Start of Provided records

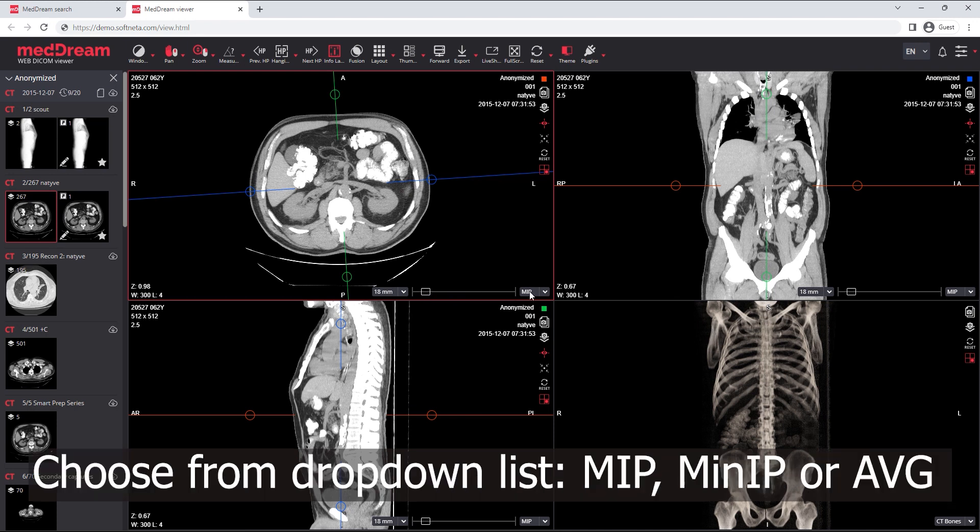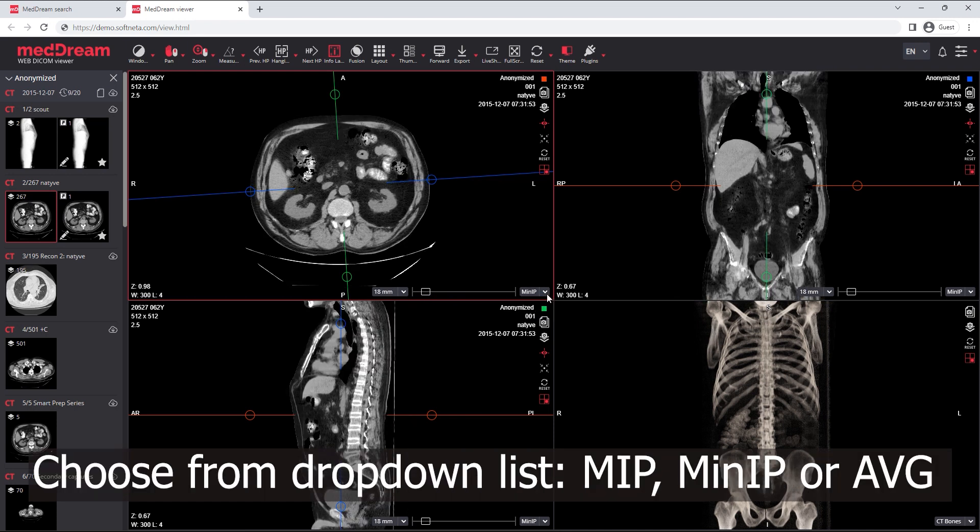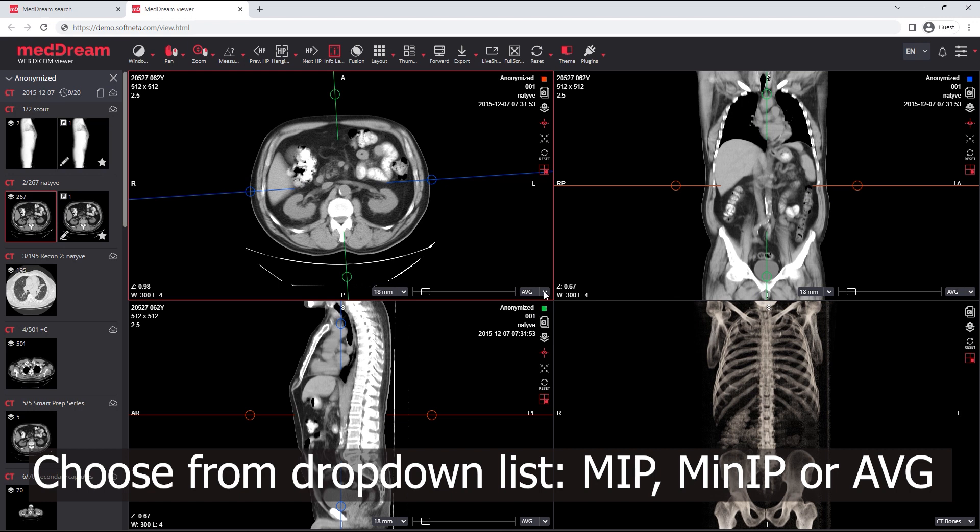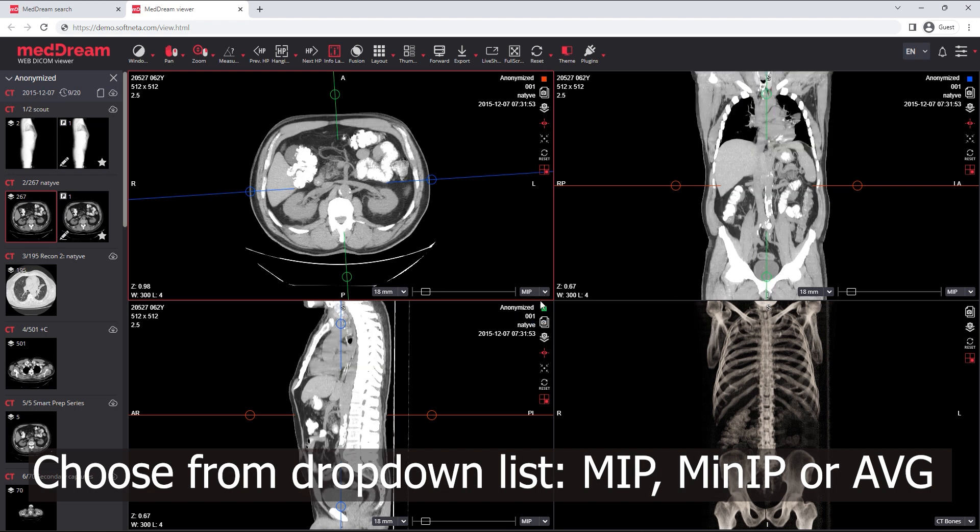Choose the image preparation method from the drop-down list. Select MIP, Min IP, or Average.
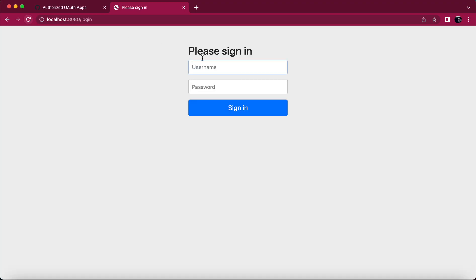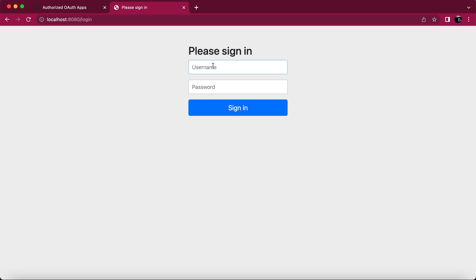After refreshing, it takes us to a sign-in page. We don't have a username and password here. What we want is: suppose I am the user trying to access this application — the possible ways are either I register and log in via normal username and password flow, or instead we want to leverage GitHub for authentication. For that purpose, the client has to register an application.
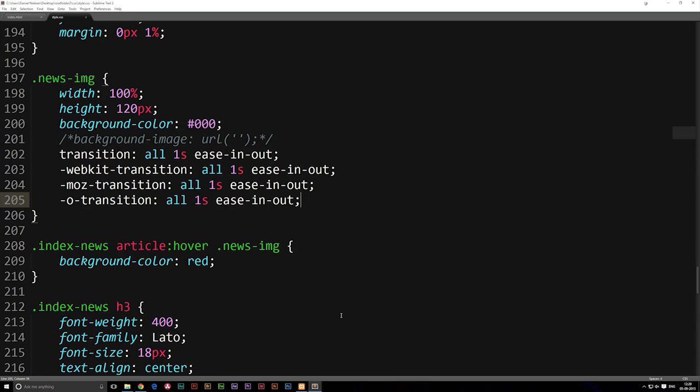In the last episode we talked about adding a transition effect to our hover effects inside the CSS file. I did actually talk about at one point adding an image inside our new section and we didn't actually do that yet.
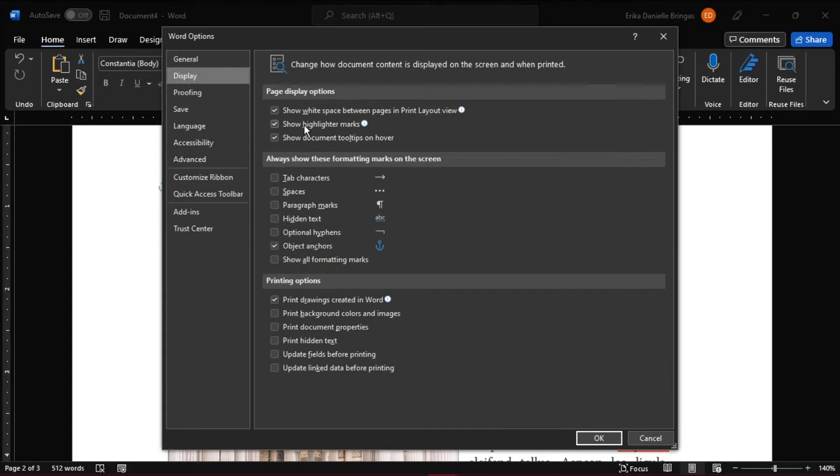Under Always Show These Formatting Marks on the screen, make sure that the Object Anchors box is unchecked.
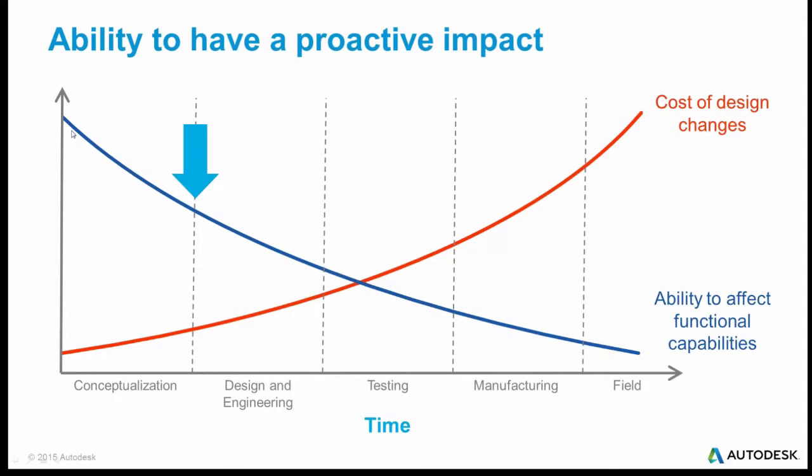On the other hand, early in the design, the ability to affect the functional capabilities, to affect that final design, is very, very high. In conceptualization, when it's just in your head, you can change the design anywhere you want. But as time goes on and engineering is done and more testing is done, people become sort of stuck on a design and the ability to affect the functional capabilities drops off drastically. So the point of this graph is that way back early on is the point where you can have the most proactive impact on your design.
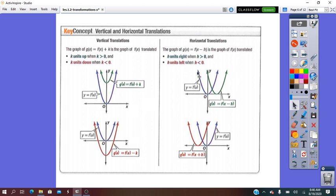Looking at this figure, in blue color here is the pre-image — the original function. This one was slid to the right. When the function is slid right, the x-coordinate changes, and instead of f of x, we do x minus the units. Here you see the pre-image was slid left — right and left affect the x-coordinate, but left means we do plus the units.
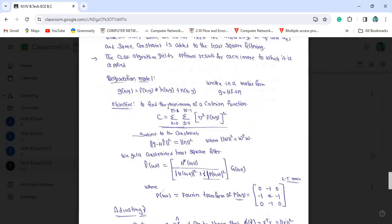The objective is to find the minimum criterion function C. C is equal to the summation over x from 0 to N-1 and summation over y from 0 to N-1 of delta-squared F(x, y), squared. The constraint is on G minus HF, mod squared.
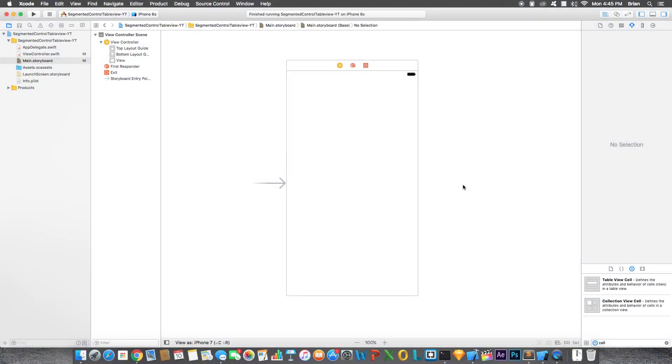What's going on guys, Bryan here. For today's video I'll be showing you guys how to use a segmented control with your UI table view. So let's get started.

End of Provided records

Required action: If pictures appear in the data, do not print them; repeat the rest exactly.

Solution for this problem:
Choose the image preparation method from the drop-down list. Select MIP, Min IP, or Average.
After refreshing, it takes us to a sign-in page. We don't have a username and password here. What we want is: suppose I am the user trying to access this application — the possible ways are either I register and log in via normal username and password flow, or instead we want to leverage GitHub for authentication. For that purpose, the client has to register an application.
In the last episode we talked about adding a transition effect to our hover effects inside the CSS file. I did actually talk about at one point adding an image inside our new section and we didn't actually do that yet.
Under Always Show These Formatting Marks on the screen, make sure that the Object Anchors box is unchecked.
On the other hand, early in the design, the ability to affect the functional capabilities, to affect that final design, is very, very high. In conceptualization, when it's just in your head, you can change the design anywhere you want. But as time goes on and engineering is done and more testing is done, people become sort of stuck on a design and the ability to affect the functional capabilities drops off drastically. So the point of this graph is that way back early on is the point where you can have the most proactive impact on your design.
Looking at this figure, in blue color here is the pre-image — the original function. This one was slid to the right. When the function is slid right, the x-coordinate changes, and instead of f of x, we do x minus the units. Here you see the pre-image was slid left — right and left affect the x-coordinate, but left means we do plus the units.
The objective is to find the minimum criterion function C. C is equal to the summation over x from 0 to N-1 and summation over y from 0 to N-1 of delta-squared F(x, y), squared. The constraint is on G minus HF, mod squared.
What's going on guys, Bryan here. For today's video I'll be showing you guys how to use a segmented control with your UI table view. So let's get started.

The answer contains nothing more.